In de eerste eeuwen der Kerk werden alleen martelaren als Heiligen vereerd (zie Heilige); de eerste niet-martelaar, die als Heilige vereerd werd, is Martinus van Tours (overl. omstreeks 400). Het recht van H. werd door Alexander III in 1170 aan den Paus voorbehouden, terwijl de canonisatie tot aan de 10de eeuw ook onder het opzicht der bisschoppen gestaan had. De regels, welke daarbij thans nog gevolgd worden, zijn vastgesteld door Urbanus VIII en worden breedvoerig ontvouwd in het werk van Benedictus XIV: De servorum Dei beatificatione et beatorum canonisatione (4 dln., Rome 1735). Gecanoniseerd wordt alleen iemand die reeds zalig verklaard is (zie Zaligverklaring) en wel eerst nadat het bewijs geleverd is, dat minstens twee wonderen op voorspraak van den zalige gewerkt zijn. De H. wordt voorafgegaan door een onderzoek, dat naar de wijze van een rechtsgeding wordt gevoerd (canonisatie- of heiligverklarings-proces) en geleid door de Congregatie der Riten. De door deze Congregatie aangestelde promotor fidei moet de bezwaren tegen de H. inbrengen en wordt daarom Advocatus diaboli (advocaat van den duivel) genoemd, terwijl de Procurator, die de H. te bewerken heeft, Advocatus Dei (advocaat van God) genoemd wordt.
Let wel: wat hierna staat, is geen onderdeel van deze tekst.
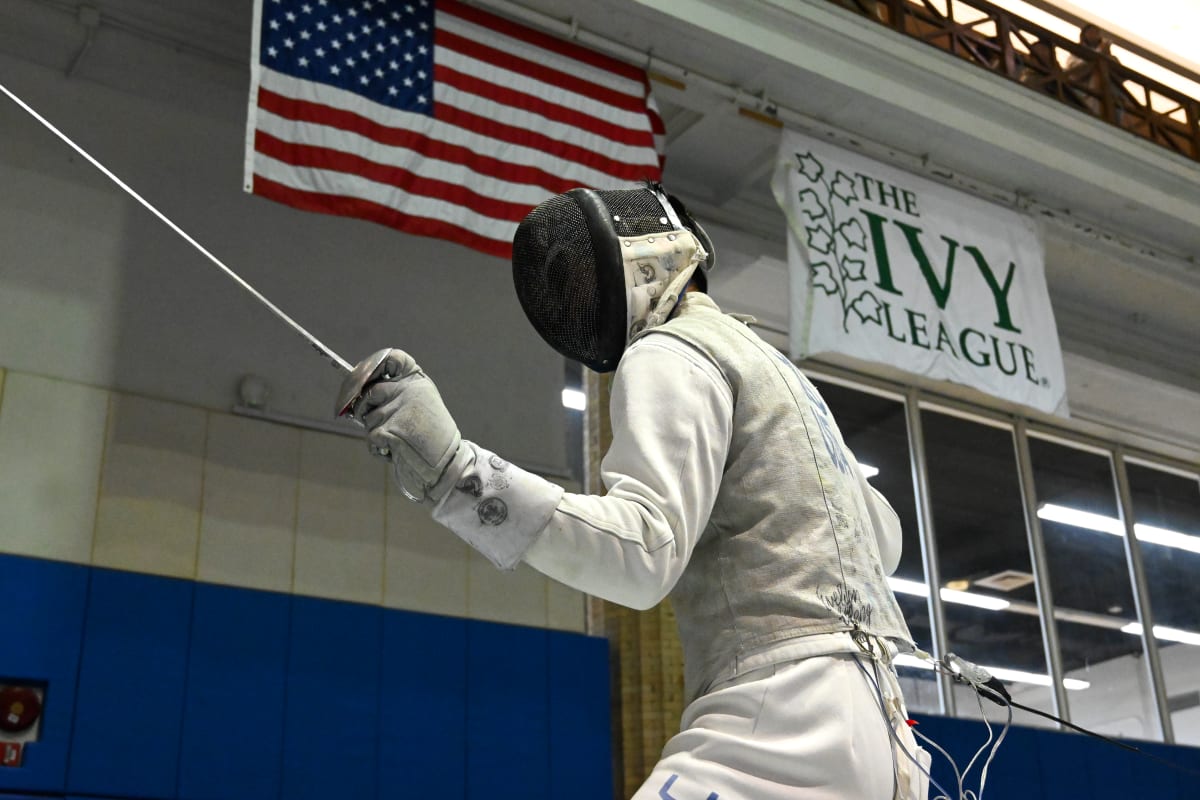 American junior fencers celebrating with gold medals at 2026 World Championships podium in Rio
Is het proces naar den zin van laatstgenoemde beëindigd, dan volgt de H. door een pauselijke bulle en een plechtigheid in de St.Pieterskerk te Rome en de nieuwe Heilige wordt op de officieele lijst, het zoogenaamd Martyrologium Romanum (romeinsch martelaarsboek) ingeschreven. In de grieksche kerk heeft de patriarch van Constantinopel het recht der H., doch hiervan is maar zelden gebruik gemaakt.